◆ **Task material**
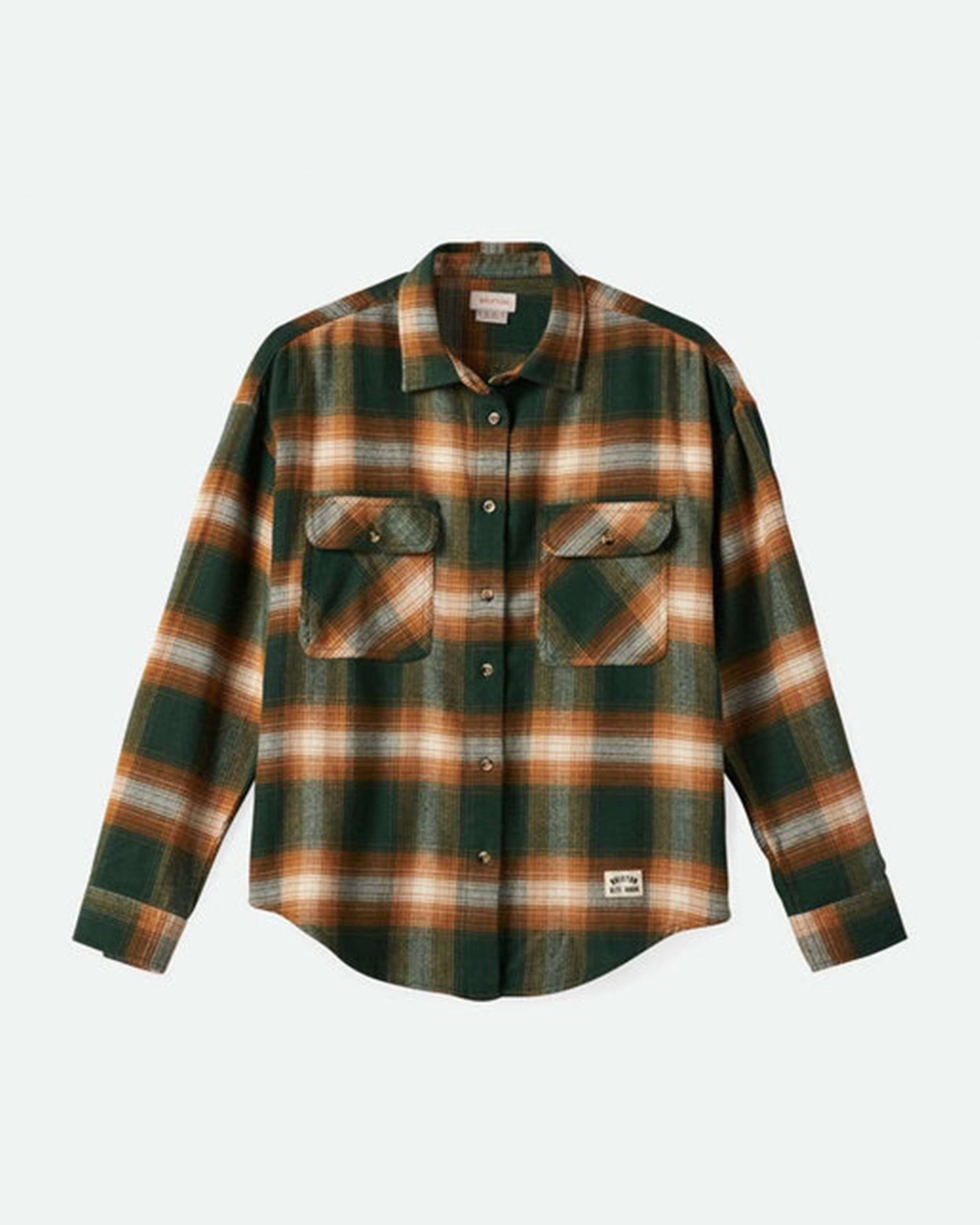 Brixton Women's Bowery Classic Long Sleeve Flannel - Garden Topiary/Washed Copper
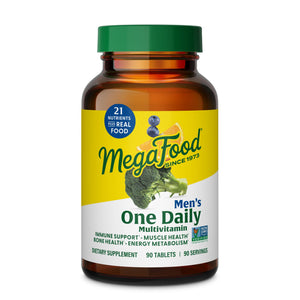 MegaFood One Daily Mens Multivitamins - Multivitamin for Men - Vitamin C, Vitamin D3 & Vitamin B12 - Muscle, Energy Metabolism & Immune Support - Vegetarian, Gluten Free - 36 Tablets, 36 Servings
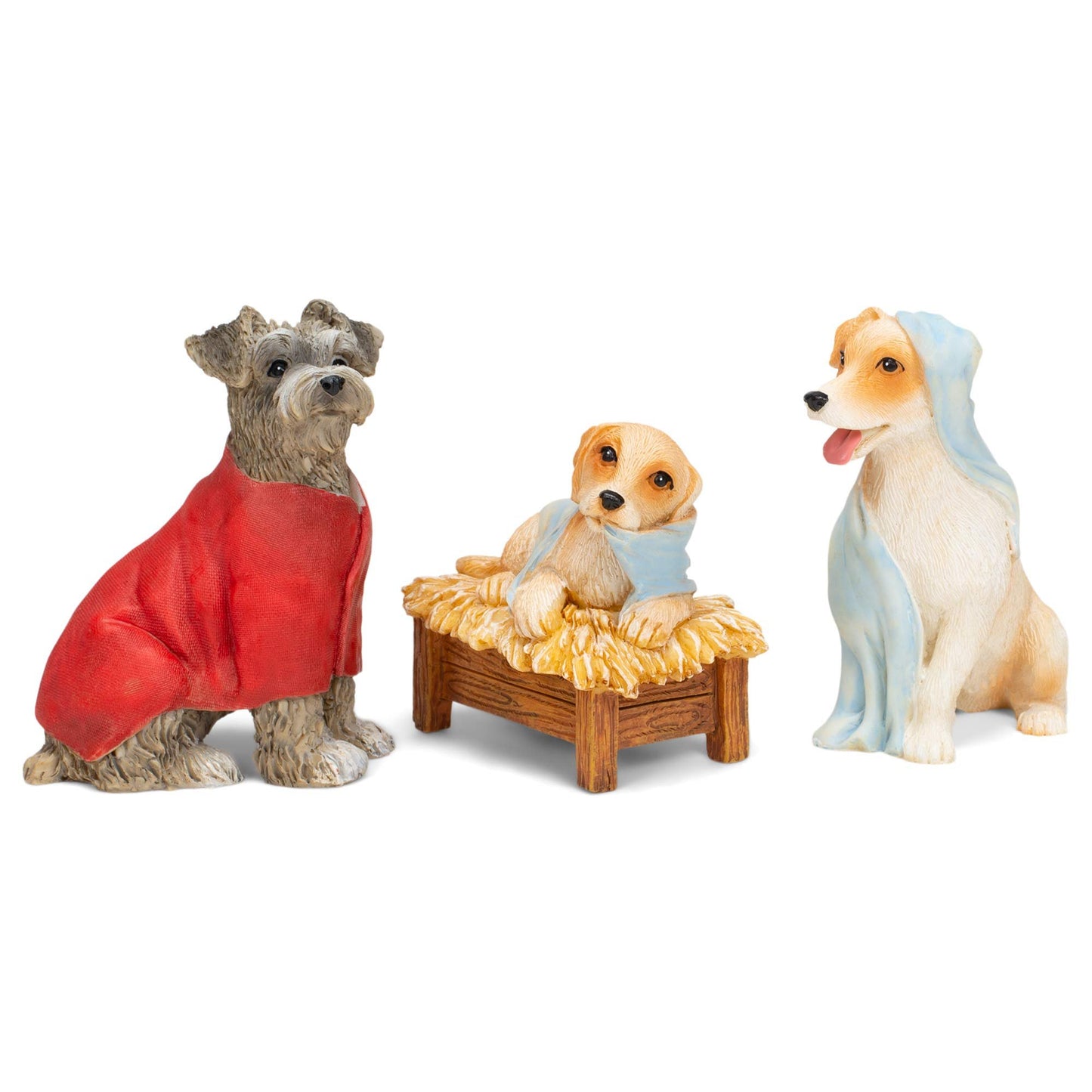 Canine Creche Dog Nativity Scene Decoration, 7 Piece Set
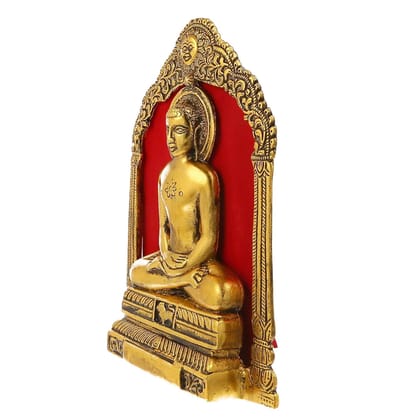 Aluminium Lord Mahaveer Ji Statue � Jain Tirthankar Idol for Home & Temple Decor, Height : 8.7 Inch (ASMAS462 G) Aluminium Lord Mahaveer Ji Statue � Jain Tirthankar Idol for Home & Temple Decor, Height : 8.7 Inch (ASMAS462 G)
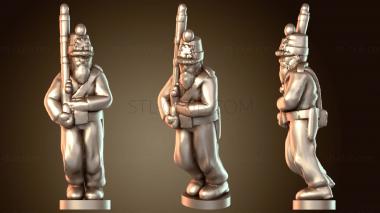 3D модель Милице федеральный солдат бдительный (STL)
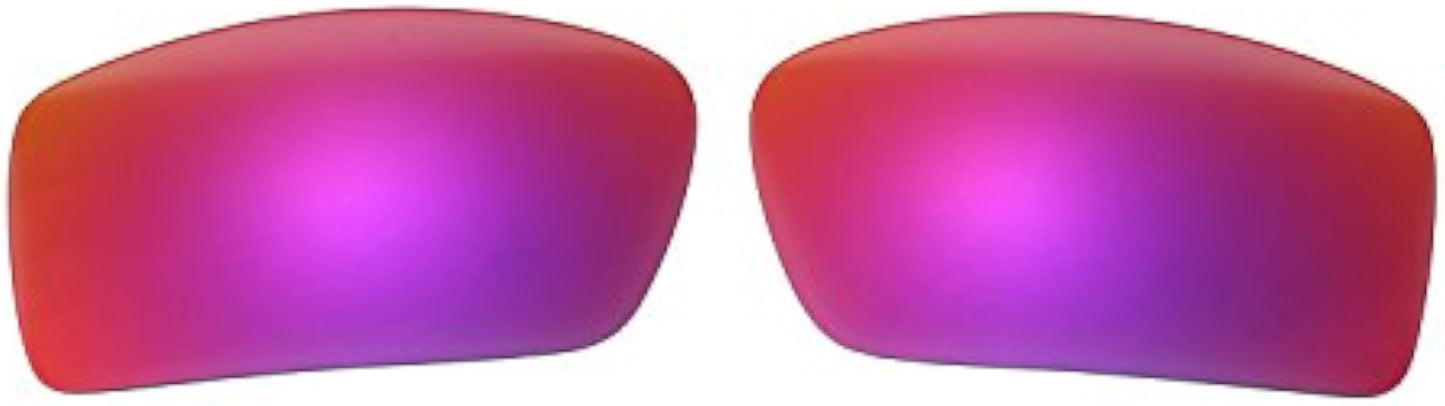 NicelyFit Polarized Replacement Lenses for Oakley Gascan Sunglasses (Midnight Sun Mirror)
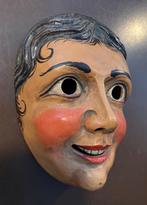 Handgesneden Carnaval (Fasnet) masker jaren '60 Zwarte Woud, Antiek en Kunst, Kunst | Beelden en Houtsnijwerken, Ophalen of Verzenden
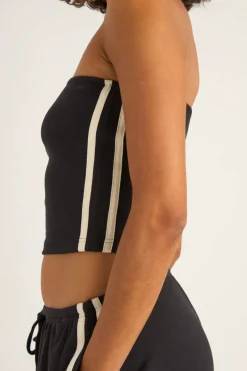 Track Bandeau Top Black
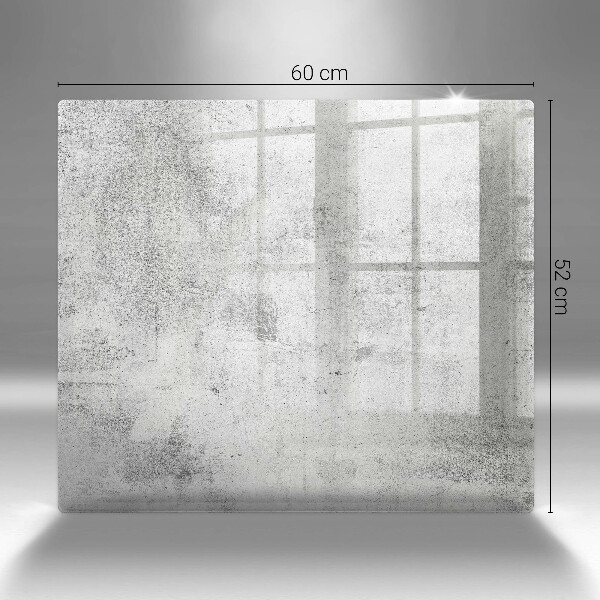 Skleněná deska do kuchyně Betonová textura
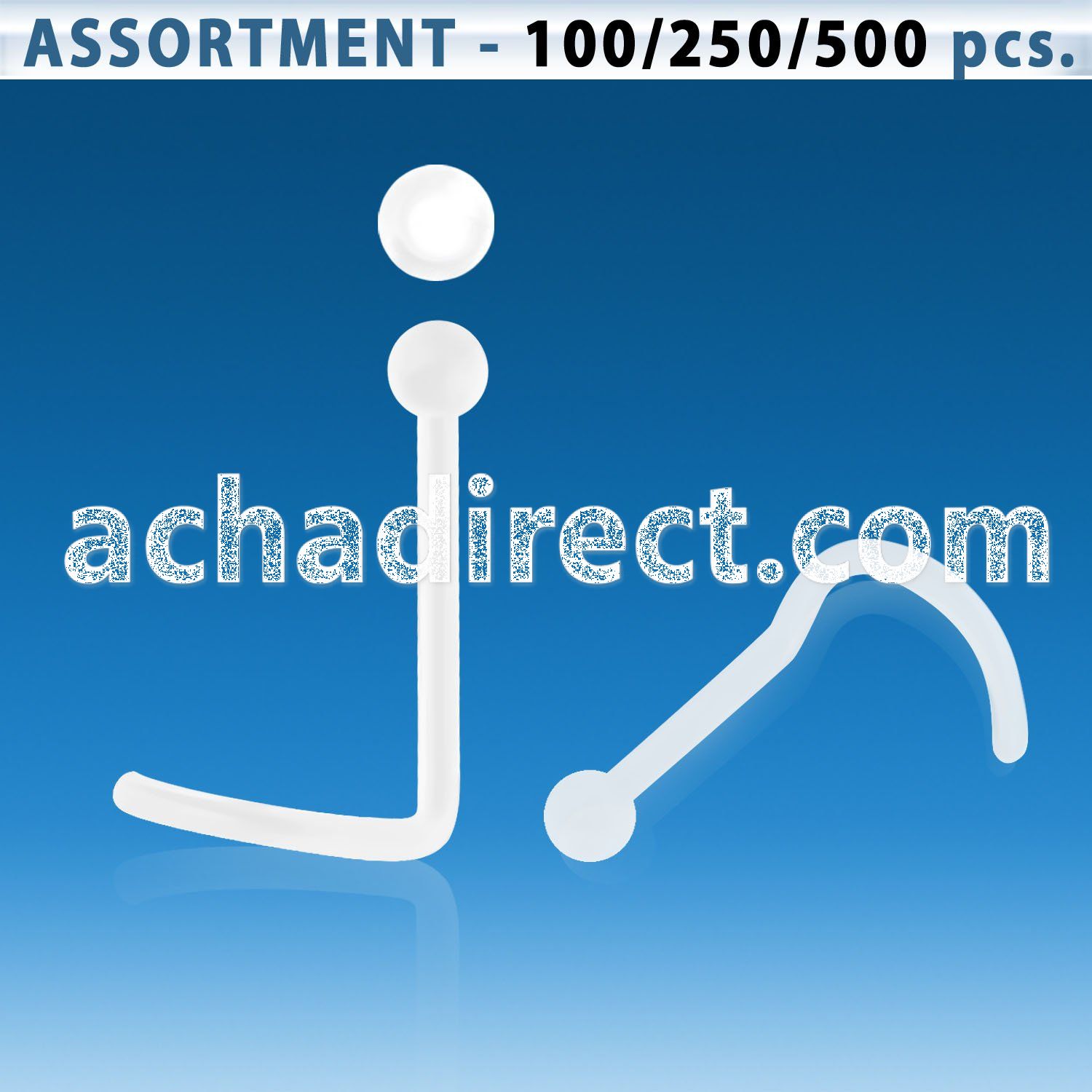 blk543 bulk bio flex nose screw retainers w 2mm ball shaped top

◆ **Task statement**
Leaving every picture behind, retype the entries above exactly, from the first line through the line with "3D модель Милице", and stop there.

◆ **Exercise output**
 Brixton Women's Bowery Classic Long Sleeve Flannel - Garden Topiary/Washed Copper
 MegaFood One Daily Mens Multivitamins - Multivitamin for Men - Vitamin C, Vitamin D3 & Vitamin B12 - Muscle, Energy Metabolism & Immune Support - Vegetarian, Gluten Free - 36 Tablets, 36 Servings
 Canine Creche Dog Nativity Scene Decoration, 7 Piece Set
 Aluminium Lord Mahaveer Ji Statue � Jain Tirthankar Idol for Home & Temple Decor, Height : 8.7 Inch (ASMAS462 G) Aluminium Lord Mahaveer Ji Statue � Jain Tirthankar Idol for Home & Temple Decor, Height : 8.7 Inch (ASMAS462 G)
 3D модель Милице федеральный солдат бдительный (STL)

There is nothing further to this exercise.